Otherwise, you can find for your operating system here: http://code.google.com/p/chromium/downloads/list

Django and South

Salad plays nicely with both django and south, but doesn't require them.

Include the django steps and terrains into your steps and terrains, and you're all set. manage.py harvest and all of the lettuce goodies should just work.

Gotcha alert: If you're serving static media with staticfiles, you'll want to pass -d to harvest, to run in debug mode (and enable static media.)

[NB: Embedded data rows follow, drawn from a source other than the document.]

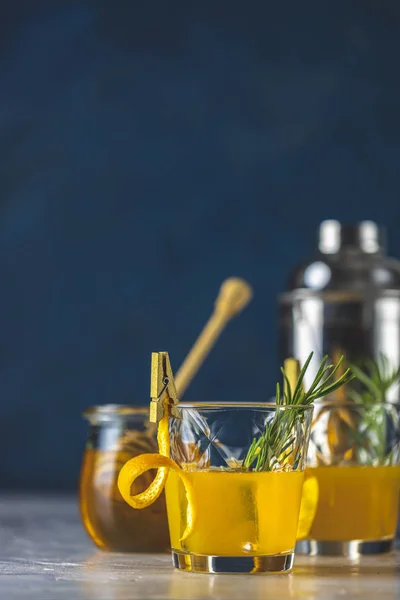 Два бокала медового коктейля с розмарином простой сироп или домашний коктейль виски кислый напиток с апельсиновой и розмариновой отделкой апельсиновой кожуры, банка меда и барменские инструменты — стоковое фото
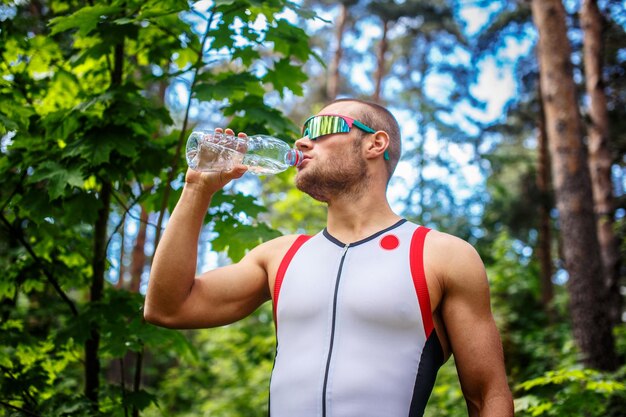 Mann in Sportbekleidung und Sonnenbrille mit Flasche Wasser.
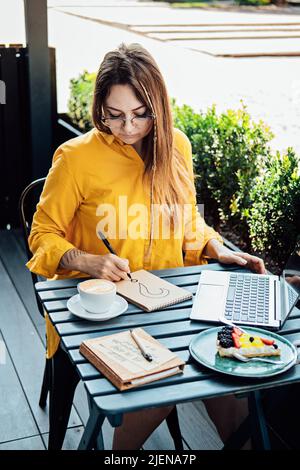 Freelancer problem challenges, Finding work, Finding clients. Freelancer woman working with laptop and writing question mark in notepad while sitting Stock Photo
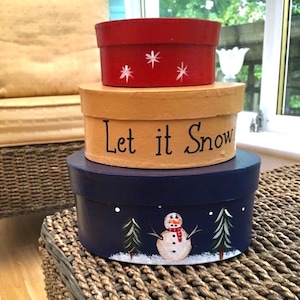 May include: Three round, painted wooden boxes stacked on top of each other. The top box is red with white stars. The middle box is tan with the words "Let it Snow" in black. The bottom box is blue with a snowman and two pine trees.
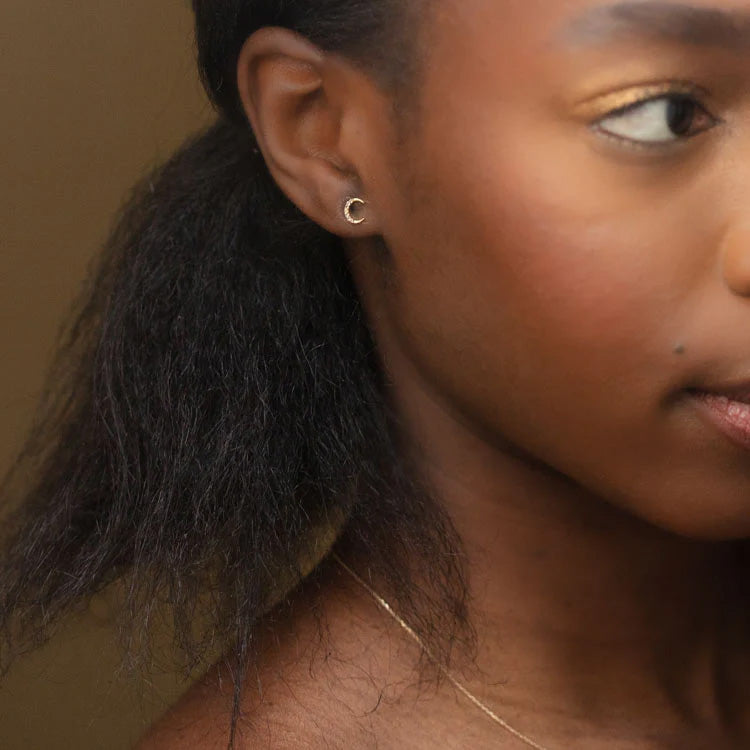 A close-up of a woman’s face and neck highlights her smooth skin, natural makeup, and dark hair, drawing attention to the Solid Gold Waxing and Waning Crescent Moon Studs—ideal for showcasing mindful jewelry.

The built-in steps are a helper, not a crutch

Cucumber and salad make BDD beautiful by allowing us to write tests in natural, human language. Please don't let salad's built-ins drive how your tests read. They're there for convienence, if the syntax they use fits your scenario's needs. One of the great gains of gherkin syntax is the ability to make a scenario that reads then I should see that I'm logged in. Don't lose that beauty!

Using Just Lettuce

Older versions of salad were executed via the lettuce command. This still works and is an option, but in order for this to work you must include a steps.py file containing from salad.steps.everything import * and a terrains.py file containing from salad.steps.terrains import * in your features folder.

Updates and Roadmap

Roadmap

We use salad to test our projects, and it's a fairly new component. As such it'll continue to evolve and improve. There's not a specific development map - anything that makes it easier and faster to write BDD tests is on the table. Pull requests are welcome!

0.5 (Planned)

  • SALAD_SUBJECT_GLOSSARY - allows project specific extensions to the subjects. For example, you could map 'the submit button' to 'the element with the css selector ".submit_btn"', and use it for clicks, mouseovers, etc without having to write a specific step for each permuation.

Recent updates (full log in CHANGES)

0.4.14

  • Switched to my fork of lettuce, which properly sets up a test database. Will switch back to trunk lettuce once it's merged in!
  • Fixed django imports

0.4.12 (and up to it)

  • Bugfix of db install for mysql, and other dbs. Generally works now!
  • Version bump

0.4.8

  • Bugfix of django teardown.

0.4.7

  • Travis-ci integration.

0.4.6

  • Consistent grammar on link-finding.
  • Fixed Django + Postgresql support.
  • Lots more keys tested.

0.4.4

  • South migrations are now based on SOUTH_TESTS_MIGRATE

0.4.3

  • Steps for iFrame context switching added.

0.4.2

  • Fixed up the cancel prompt code
  • Clarified attribute regex to properly match.
  • Moved js test to local files (no internet connection needed.)

0.4.1

  • Bugfix in finding element code for single links.

0.4

  • Massive upgrade to the included steps. There are now steps for almost everything you can do in splinter, with friendly, consistent syntax!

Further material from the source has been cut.